- **Prompt**:
Skip every picture, and copy exactly the lines from the one containing "Used 2023 Chevrolet Malibu LT FWD image 16" to the end of the data.

***** Records provided

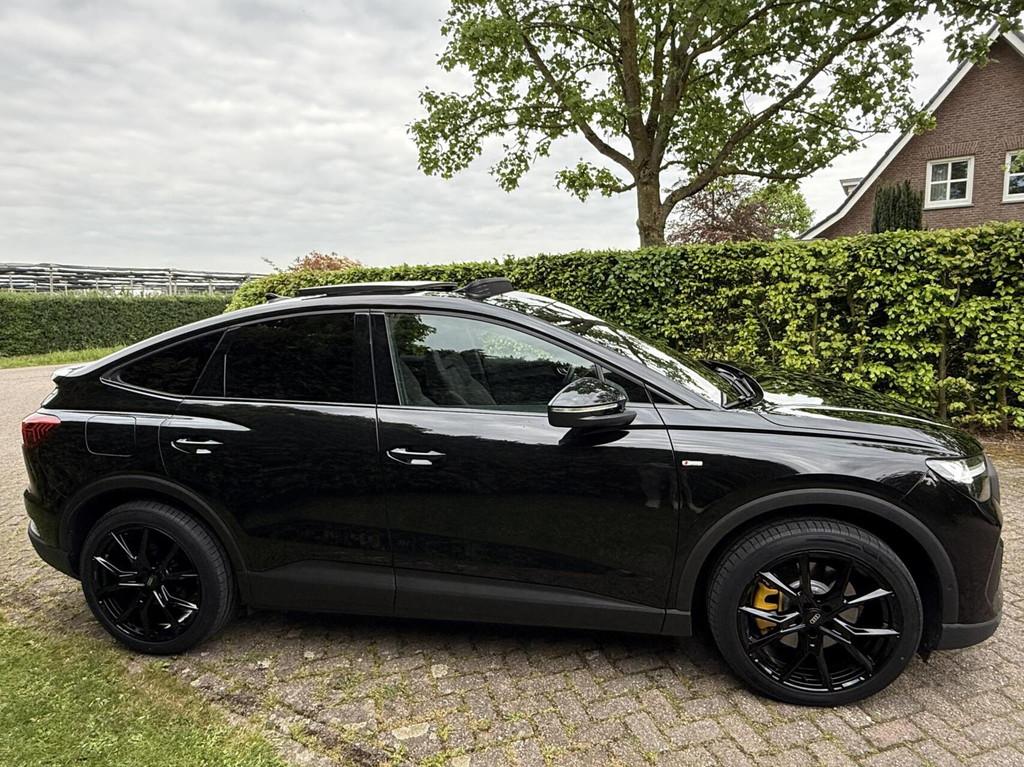 Audi Q4 Sportback|77 kWh! |S-line| BLACK edit.|PANODAK, Auto's, Audi, Automaat, Achterwielaandrijving, Gebruikt, Zwart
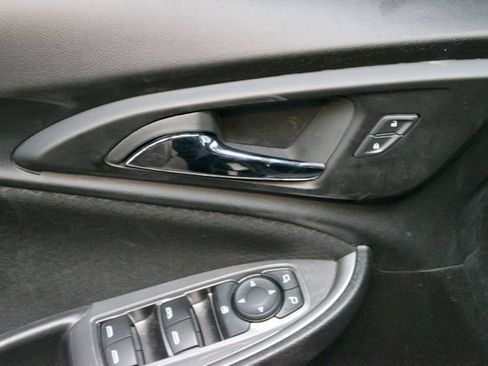 Used 2023 Chevrolet Malibu LT FWD image 16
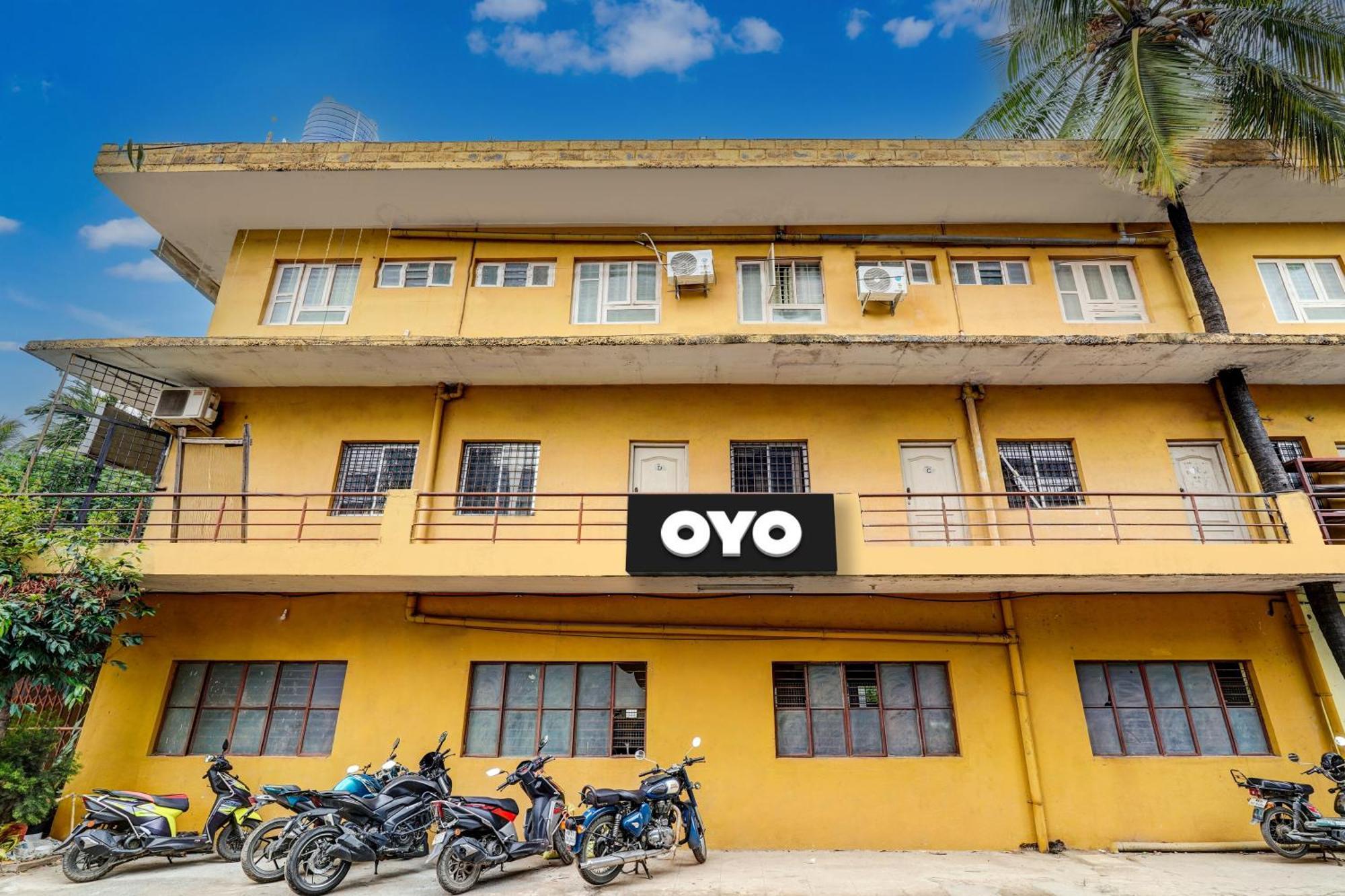 Collection O Druvi Corporate Hotel Kammasandra Exterior foto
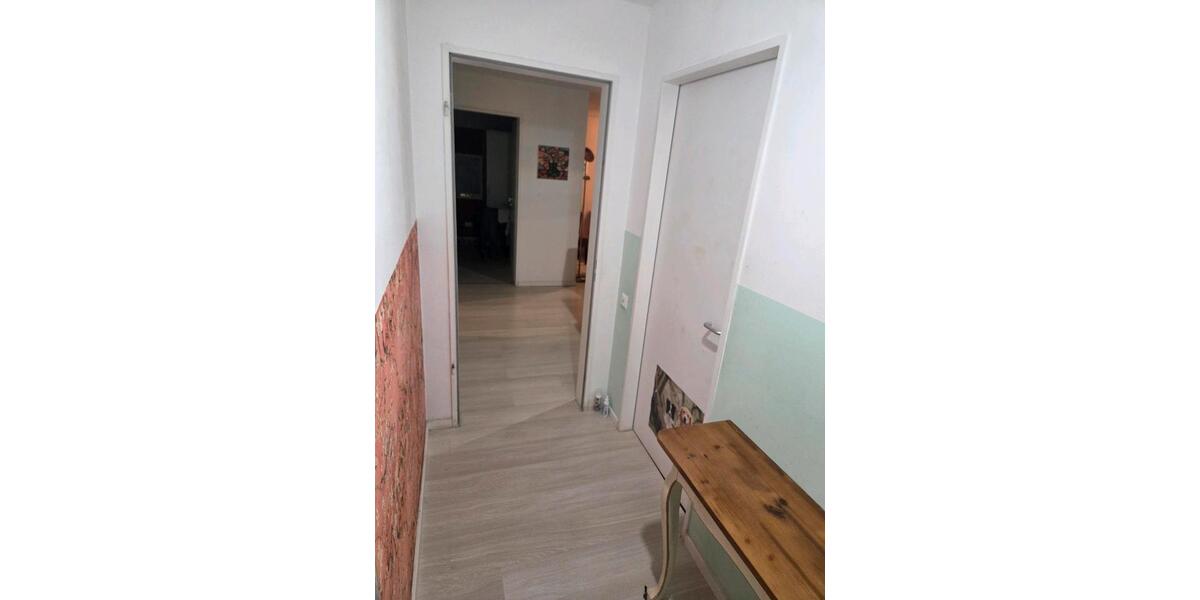 Dachgeschoßwohnung Düsseldorf Heerdt - 3 Zimmer, 75 m&sup2;, 1.367&euro; | Angebot:26587567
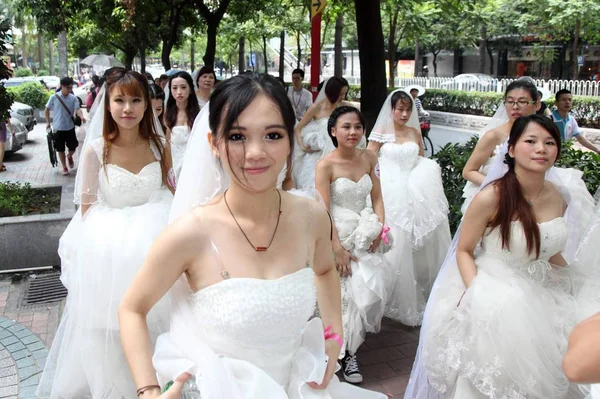 Las Novias Chinas Vestidas Con Vestidos Novia Participan Una Carrera —  Fotos de Stock
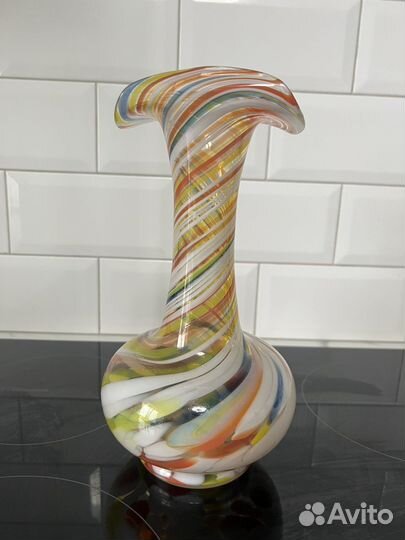 Ваза из цветного стекла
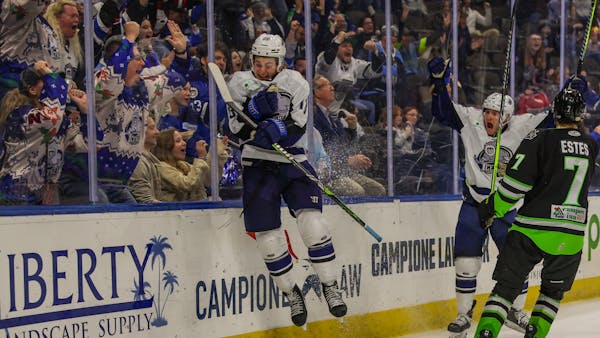 Icemen Use Four Third Period Goals to Sail Past Ghost Pirates 4-1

**********

- **Answer section**:
 Used 2023 Chevrolet Malibu LT FWD image 16
 Collection O Druvi Corporate Hotel Kammasandra Exterior foto
 Dachgeschoßwohnung Düsseldorf Heerdt - 3 Zimmer, 75 m&sup2;, 1.367&euro; | Angebot:26587567
 Las Novias Chinas Vestidas Con Vestidos Novia Participan Una Carrera —  Fotos de Stock
 Ваза из цветного стекла
 Icemen Use Four Third Period Goals to Sail Past Ghost Pirates 4-1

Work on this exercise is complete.